Dalam hadits-hadits yang lain disebutkan bahwa rasa amarah bisa dihilangkan dengan cara dzikir kepada Allah swt. Sebab, dengan dzikir hati seseorang akan menjadi tenang dan tentram. Kontrol diri semakin mantap dan hatinya selalu terpaut kepada Allah swt. Tatkala hatinya selalu terpaut kepada Allah swt, maka ia akan berfikir jernih dan sabar. Atas dasar itu, dzikrullah adalah kendali dari rasa amarah.

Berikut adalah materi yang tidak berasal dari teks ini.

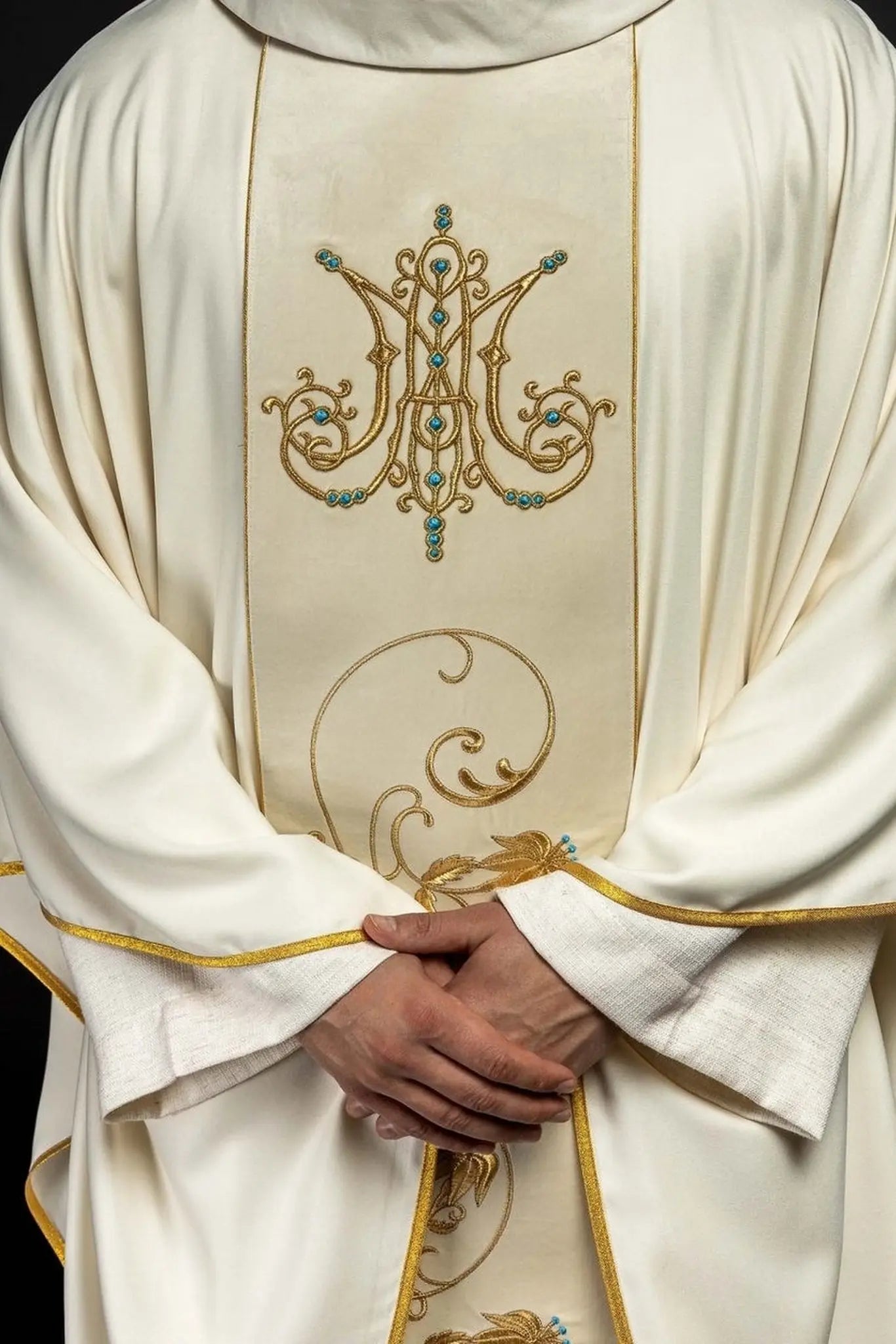 Ornat liturgiczny maryjny z pasem aksamitnym w kolorze ecru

Dalam sebuah hadits qudsiy dituturkan bahwa, apabila ada orang yang tetap mengingat Allah di saat marah maka dirinya akan mendapatkan rahmat dari Allah swt.
“Barangsiapa yang ingat kepadaKu ketika marah, niscaya Aku ingat kepadanya ketika Aku marah, dan tidak akan Aku hilangkan rahmatKu sebagaimana orang-orang yang Aku binasakan atau hilangkan rahmatnya”[HR. Dailami dari Anas ra]
Namun demikian, seorang muslim harus membenci dan marah tatkala ia menyaksikan kemungkaran dan kemaksiyatan. Ia tidak boleh ridlo dan cenderung terhadap kemungkaran dan kemaksiyatan. Allah SWT berfirman:
“Dan janganlah kamu cenderung kepada orang-orang yang dzalim yang menyebabkan kamu disentuh api neraka, dan sekali-kali kamu tiadak mempunyai seorang penolongpun selain daripada Allah, kemudian kamu tidak akan diberi pertolongan.”[Huud:113]
Dalam sebuah riwayat dituturkan bahwa Rasulullah saw selalu menunjukkan amarahnya tatkala menyaksikan kemungkaran dan kemaksiyatan. Dari Abu Mas’ud ‘Ukhbah bin ‘Amr al-Badriy berkata,”Ada seorang laki-laki mendatangi Rasulullah saw dan berkata, “Sesungguhnya saya terpaksa mundur dari jama’ah sholat Shubuh karena di fulan memanjangkan bacaan sholatnya bersama kami. “ Maka saya tidak pernah melihat Rasulullah saw marah di dalam memberikan nasehat melebihi marahnya saat itu, dimana beliau bersabda,”Wahai sekalian manusia, sesungguhnya ada diantara kamu sekalian orang-orang yang menjadikan jauh. Barangsiapa di antara kamu sekalian menjadi imam maka hendaklah ia memperpendek bacaannya, karena di belakangnya ada orang yang sudah tua, ada orang yang lemah, dan ada orang mempunyai keperluan lain.”[HR. Bukhari Muslim]


Dari ’Aisyah ra dituturkan bahwa ia berkata,”Rasulullah saw datang dari bepergian, sedangkan di dalam rumah saya pasang sebuah tabir yang ada lukisannya, kemudian setelah Rasulullah saw melihatnya maka beliau mengoyak-ngoyak dan berubahlah wajahnya seraya bersabda,”Wahai A’isyah, seberat-berat siksaan Allah nanti di hari akhir yaitu siksaan orang-orang yang menyaingi ciptaan Allah.”[HR. Bukhari dan Muslim]
Seorang muslim juga harus menunjukkan rasa marahnya ketika melihat aturan-aturan Allah swt mulai dicampakkan dan diganti dengan aturan-aturan kufur. Ia harus marah ketika para penguasa mulai bermesraan dan bermuwalah dengan orang-orang kafir. Ia juga harus menunjukkan rasa marahnya ketika melihat para penguasa mulai menerapkan aturan-aturan kufur yang bertentangan dengan syari’at Allah swt.
Atas dasar itu, kaum muslim harus bisa mengendalikan rasa marahnya, dan memenejnya sesuai dengan aturan-aturan Islam. Apabila seorang muslim melihat kemungkaran atau kemaksiyatan maka hatinya akan marah dan berusaha untuk mengubah kemungkaran tersebut. Sebaliknya, ia akan bergembira tatkala menyaksikan perintah Allah swt dijunjung tinggi.
Agar kaum muslim menjadi orang-orang yang kuat, sudah sewajibnya mereka mengendalikan rasa amarahnya dan memupuk ketaqwaan kepada Allah swt.